Company: Howard Petrick, San Francisco, CA
Venue: Venue #3 - The Playhouse Studio
Petrick's subjective tale about breaking rank after being called up to serve in Vietnam is a satirical treat.
Petrick's subjective tale about breaking rank after being called up to serve in Vietnam is a satirical treat for those who enjoy the absurdest bite of Joseph Heller's Catch 22.
Proving the tongue is mightier than the sword, he uses smart-ass Yankee wit and the Socratic method to poke holes in his superiors' smug certainties about the "police action" in South East Asia which cost well over 50,000 American lives to say nothing of the devastation of Vietnam and its people.
His approach to a one man show, however, is more by-the-book. Petrick's menagerie of characters are serviceable and effective though they lean to cliche (barking officers, twangy drawls, and so on). Though judging from the stupidity recounted by Petrick, his take on the army brass may be more dead on than I dare to imagine. Breaking Rank is a page in a growing volume of material (including the excellent documentary Sir! No Sir!) which tells the story of the large anti war sentiment and protest within the ranks, which the military underplayed and covered up for years.

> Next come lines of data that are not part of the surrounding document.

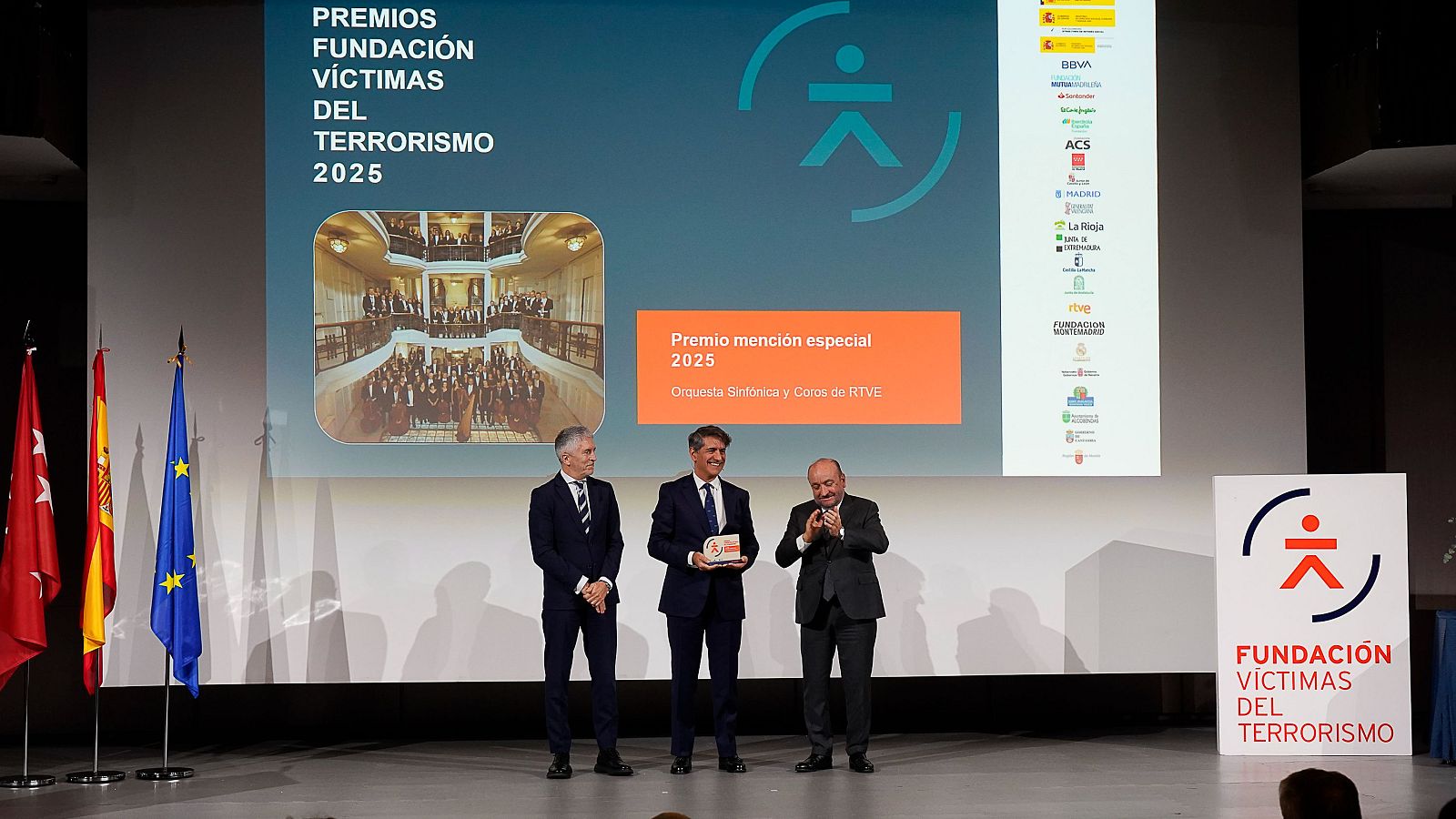 En el escenario de una ceremonia de premios, tres hombres posan frente a una pantalla que anuncia el evento y el reconocimiento a una orquesta y coro. Se observan banderas y logotipos de patrocinadores.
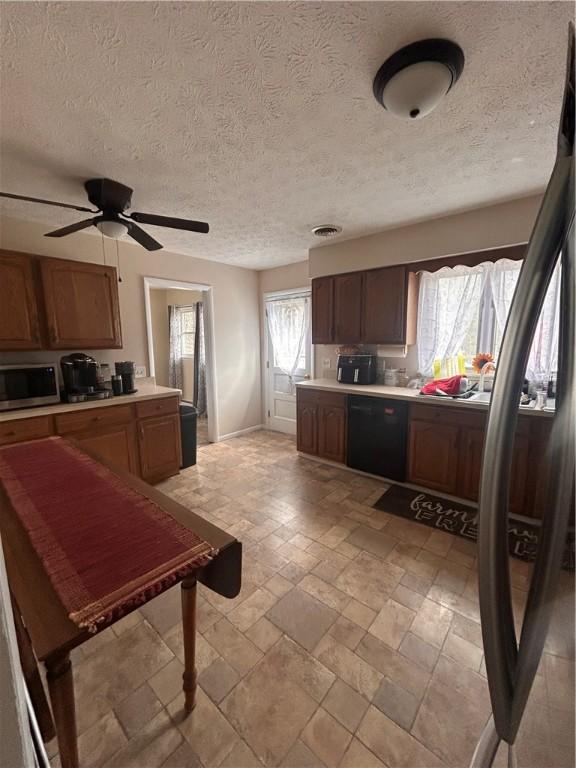 31 Briarcliff Dr, Horseheads, NY 14845 - kitchen with a ceiling fan, dishwasher, stone tile flooring, light countertops, and stainless steel microwave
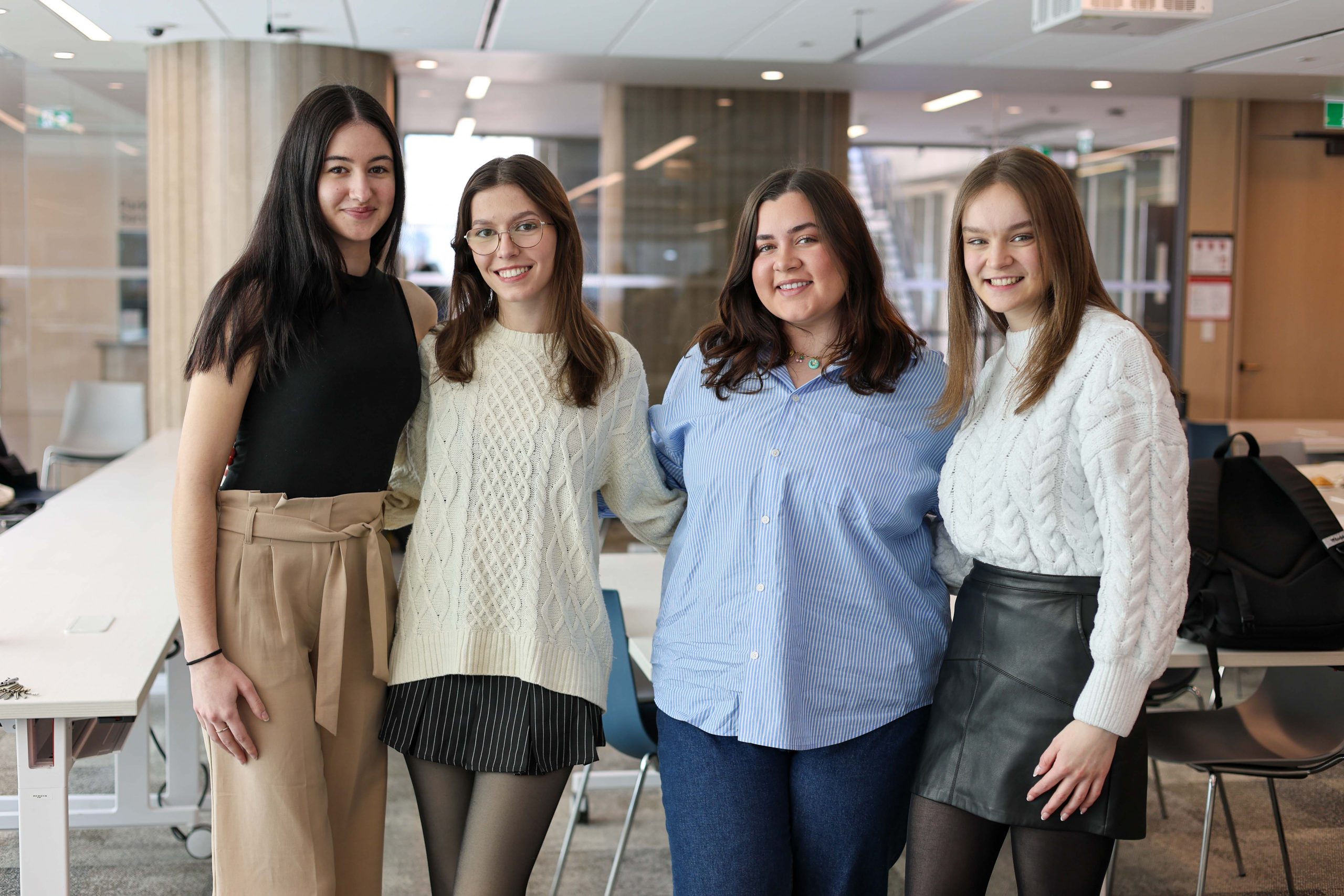 LING-edit6 Four students posing for a photo together in a room with floor to ceiling windows.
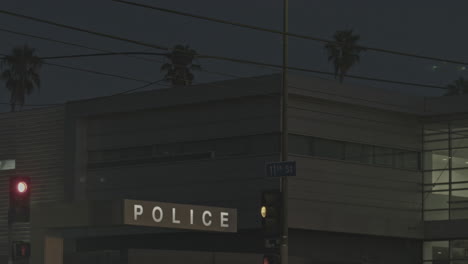 traffic lights and police station at night with palm trees as background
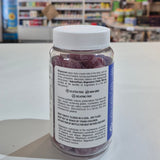 Bottle of magnesium gummies with a label held in front of a store shelf.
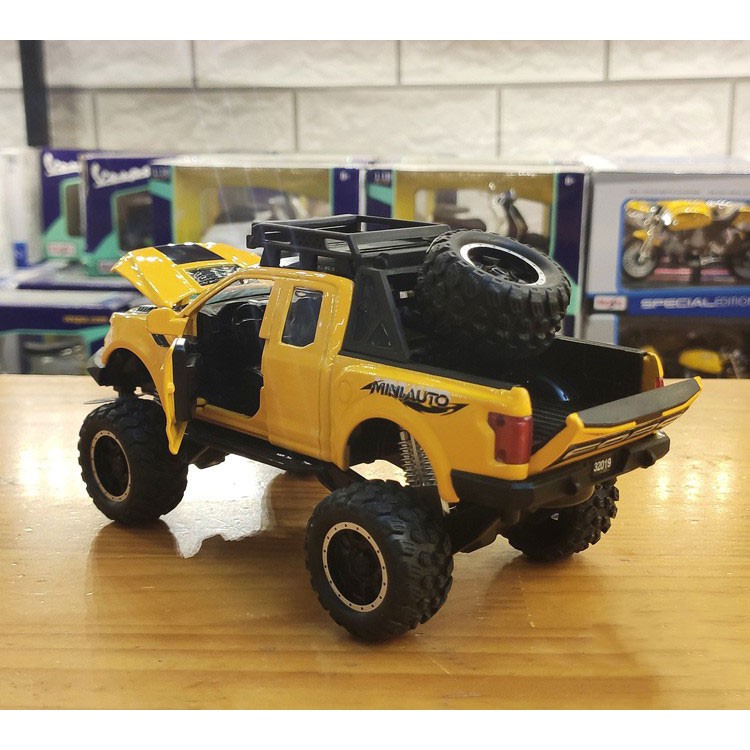 MÔ HÌNH XE Ô TÔ FORD F150 Raptor Offroad đúc Kim Loại - tỷ lệ 1:32 Vàng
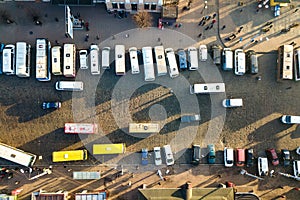 Aerial view of many cars and buses moving on a busy city street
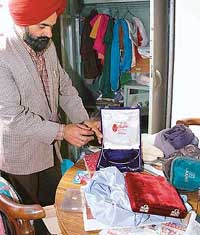 A man shows jewellery boxes from which his belongings were stolen in Sector 55, Chandigarh, on Thursday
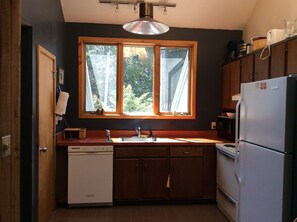 Kitchen with waffle maker, coffee pot and other useful appliances.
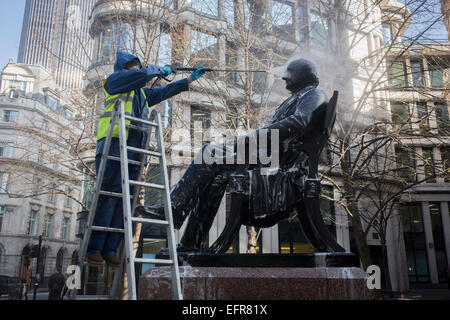 London, UK. 9. Februar 2015. Umgeben von modernen Büros in der Nähe der Bank of England in Cornhill, ein Restaurator mit City of London Auftragnehmer Rupert Harris Erhaltung off verwendet ein Druck-Jet spray Schlauch die Statue des viktorianischen Philanthrop, Unternehmer und Banker George Peabody (1795 bis 1869). Als Teil eines kontinuierlichen Wartung und Reinigung durch die quadratische Meile Körperschaft, historische Objekte - aus Hunderten von Statuen und Gedenktafeln an anderen Stücken von historischem Wert sind regelmäßig besucht. Stockfoto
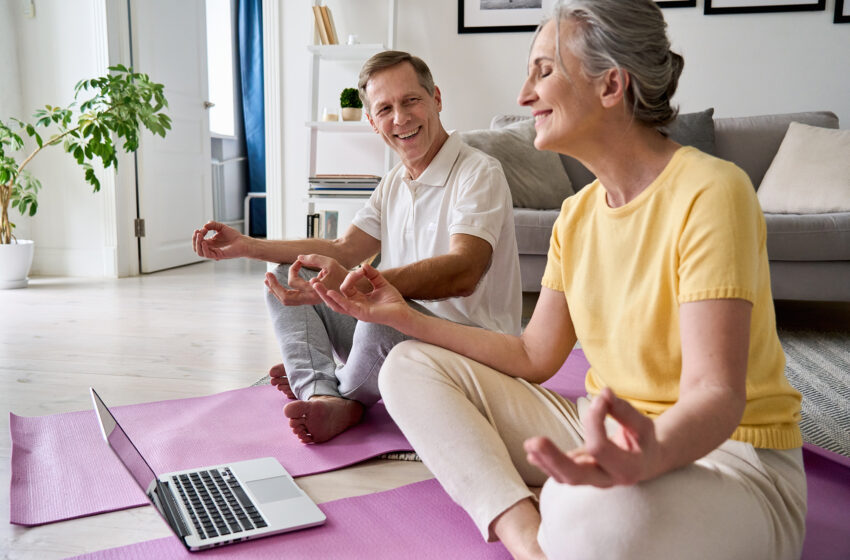 Senior couple doing virtual online yoga class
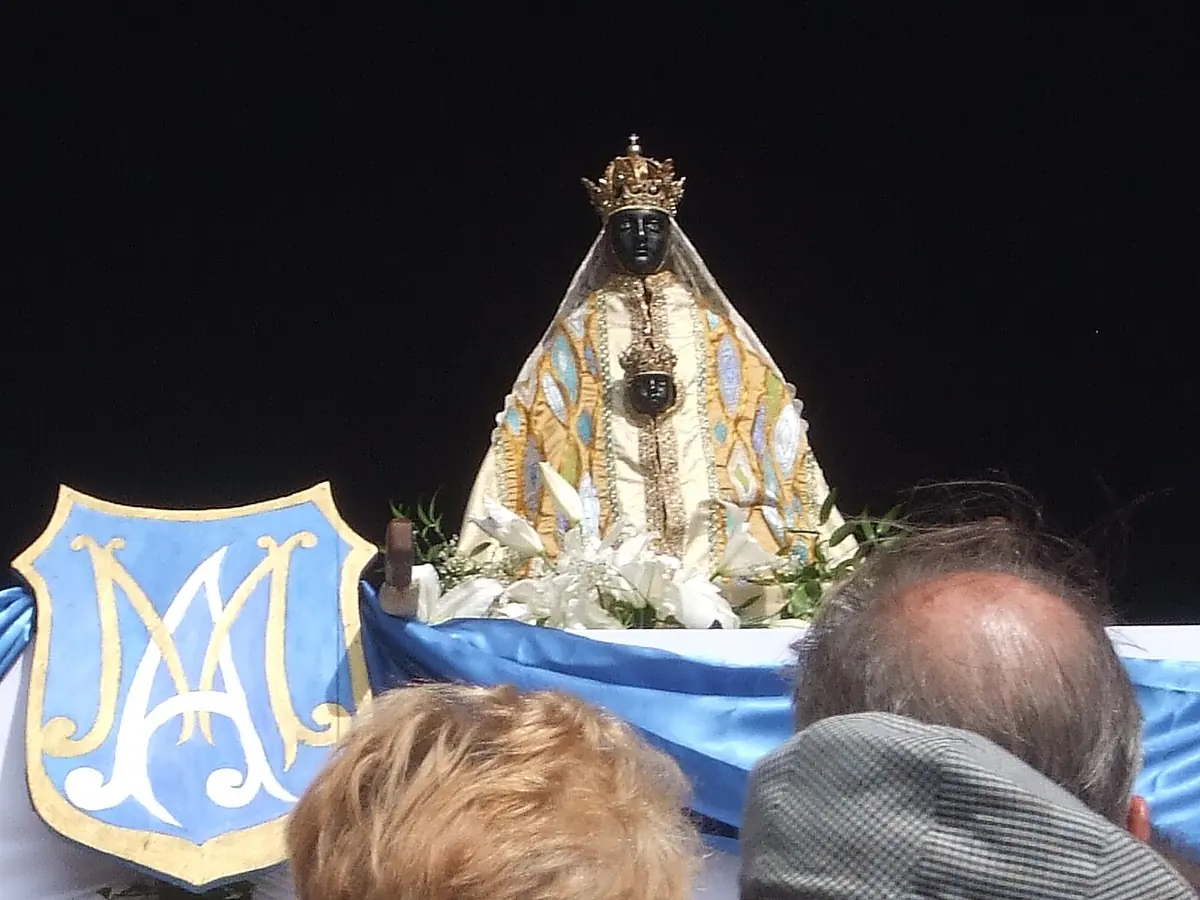The dark-faced crowned statue in a white and blue robe, surrounded by lilies, carried at night above the heads of the crowd beside a blue banner with the monogram of Mary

Were the show fiction, or were Petrick's stand not so courageous (he briefly faced the threat of a death sentence for treason) I would say this is a three-star show. But in the theatre of theatre, I get to hand out the stars, not the army, so he gets an extra from me as a proud salute to his work to bend the universe more toward justice.
A post-show shout out to Pfc. Bradley Manning who now faces serious charges for his role as a whistleblower on possible war crimes in Iraq, reminds the audience Mr. Petrick's war is not yet over.